Le parti pris de la perspective, inspirée des représentations du Moyen-Âge, peut être un peu déroutant pour l’œil au début mais fonctionne en réalité très bien. Surtout, cela change de ce qu’on a l’habitude de voir. L’animation en elle-même est d’une grande qualité. Certaines transitions fonctionnent particulièrement bien. Il y a de très bonnes idées comme l’utilisation du split-screen afin de confronter les différentes actions des personnages.
Différentes sources d’inspiration
Le film s’enracine dans la mythologie irlandaise et dans l’animation d’Europe de l’Est, notamment des films hongrois adaptés de contes folkloriques.
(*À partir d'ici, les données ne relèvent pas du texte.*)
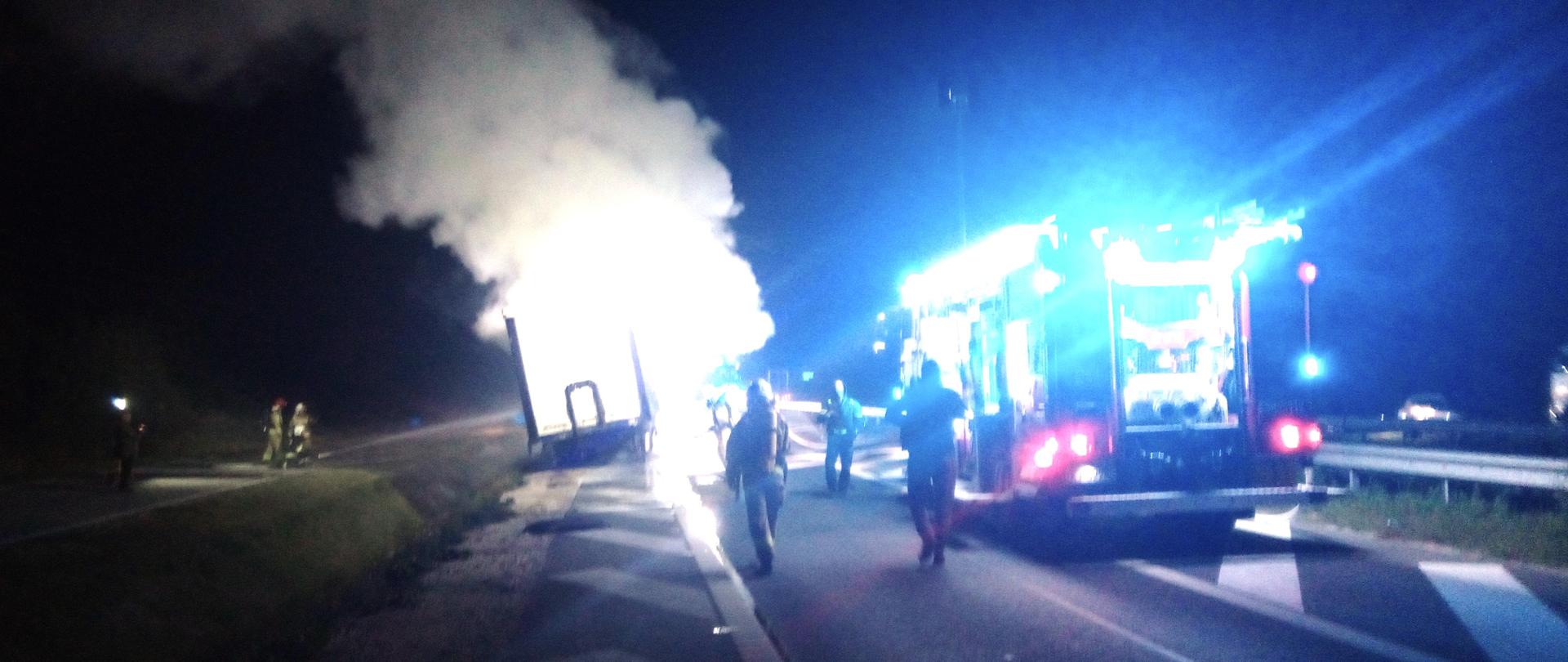 Zdjęcie przedstawia ulicę na której doszło do pożaru naczepy ciągnika siodłowego. Na drodze stoi wóz strażacki, przemieszczają się funkcjonariusze służb ratowniczych a na poboczu po lewej stronie stoi naczepa, z której unoszą się kłęby dymu i pary wodnej.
Tomm Moore évoque également les films du studio Ghibli pour leur traitement des questions environnementales. Les plans du film sont comme des toiles de peinture qui empruntent à la fois à l’art moderne, aux tableaux de Klimt et au mouvement cubiste.
La représentation de la nature
Chacun des longs métrages du triptyque porte sur la nature une vision différente. Dans Brendan et le secret de Kells, la flore ressemble à une église et figure la beauté et l’émotion qu’elle peut susciter chez le jeune héros qui n’a pas le droit de pénétrer dans la forêt. Dans Le Peuple Loup, la représentation de la nature n’est pas si contrôlée, au contraire, elle est sauvage et foisonnante, quasiment brouillonne. Les courbes organiques contrastent avec les formes géométriques de la ville. La principale source d’inspiration en termes de représentation de la nature vient du Conte de la princesse Kaguya (2013) d’Isao Takahata.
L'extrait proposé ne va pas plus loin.